[Exercise description]
Please write out every line of the material exactly.

[Data provided]
== Segment start ==

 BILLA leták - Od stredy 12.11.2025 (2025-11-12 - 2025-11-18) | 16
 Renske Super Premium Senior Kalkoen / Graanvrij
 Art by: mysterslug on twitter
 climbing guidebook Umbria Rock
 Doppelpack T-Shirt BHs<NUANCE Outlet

== Segment end ==

[Expected answer]
 BILLA leták - Od stredy 12.11.2025 (2025-11-12 - 2025-11-18) | 16
 Renske Super Premium Senior Kalkoen / Graanvrij
 Art by: mysterslug on twitter
 climbing guidebook Umbria Rock
 Doppelpack T-Shirt BHs<NUANCE Outlet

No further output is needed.